--- Data provided ---
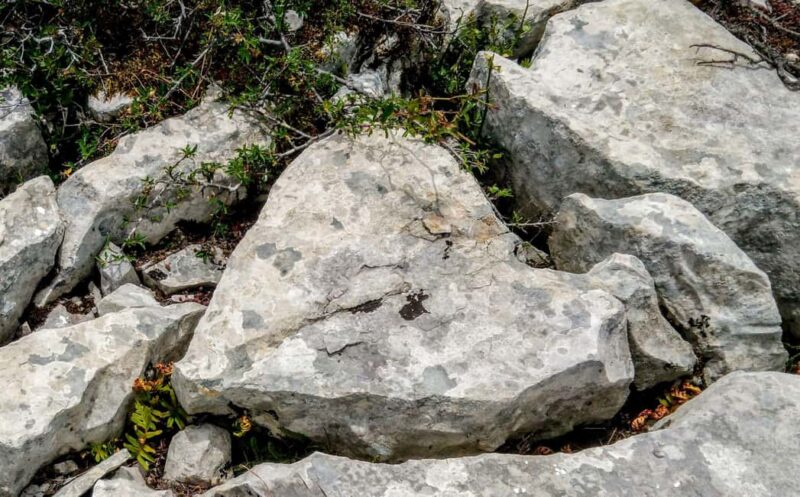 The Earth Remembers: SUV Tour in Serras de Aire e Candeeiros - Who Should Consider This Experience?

--

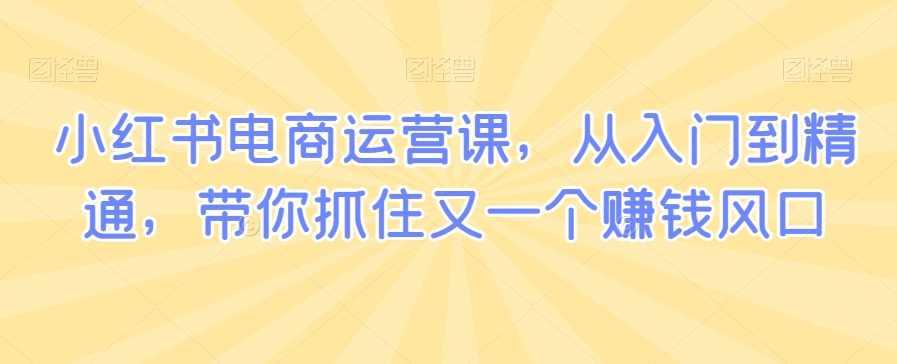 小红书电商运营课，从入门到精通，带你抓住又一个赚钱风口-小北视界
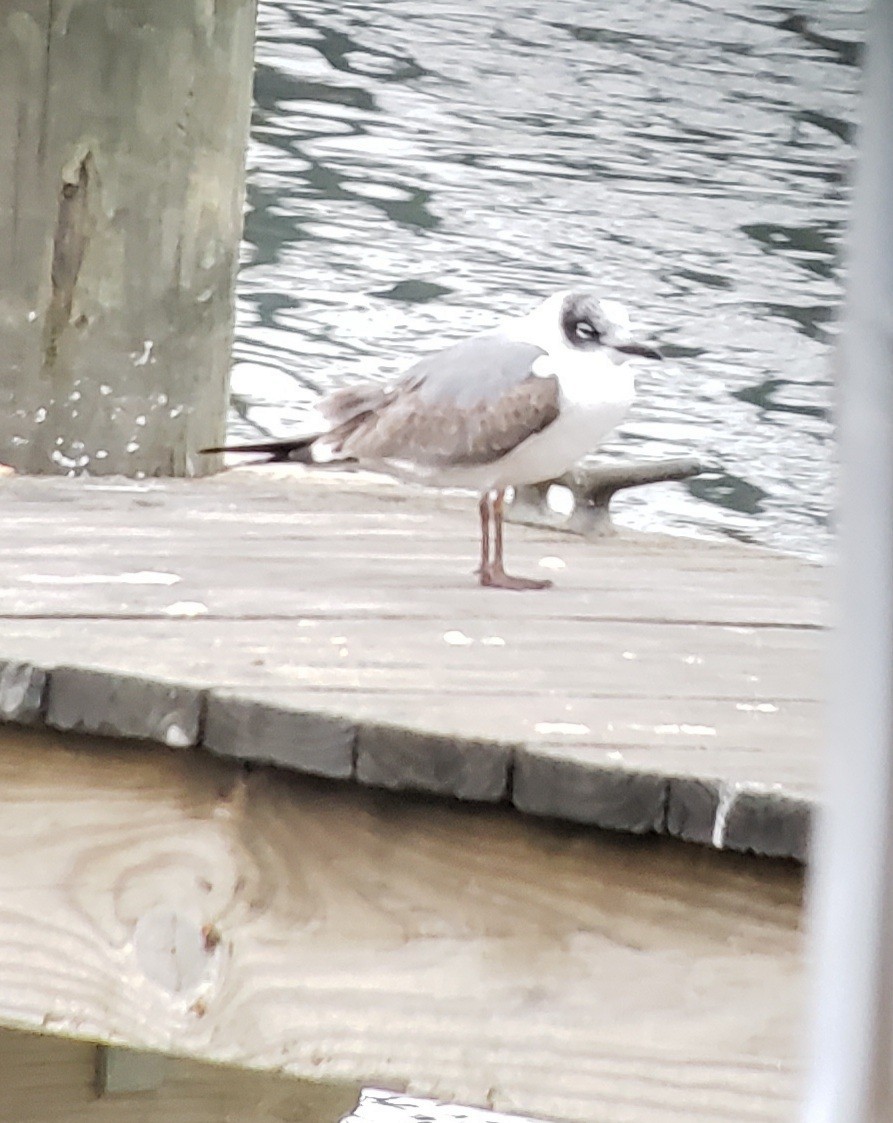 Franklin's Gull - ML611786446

--- Work to be completed ---
With pictures omitted, repeat the entries above word for word from the line holding "小红书电商运营课，从入门到精通，带你抓住又一个赚钱风口-小北视界" down to the line holding "Franklin's Gull - ML611786446", keeping both of those lines.

--- Task answer ---
 小红书电商运营课，从入门到精通，带你抓住又一个赚钱风口-小北视界
 Franklin's Gull - ML611786446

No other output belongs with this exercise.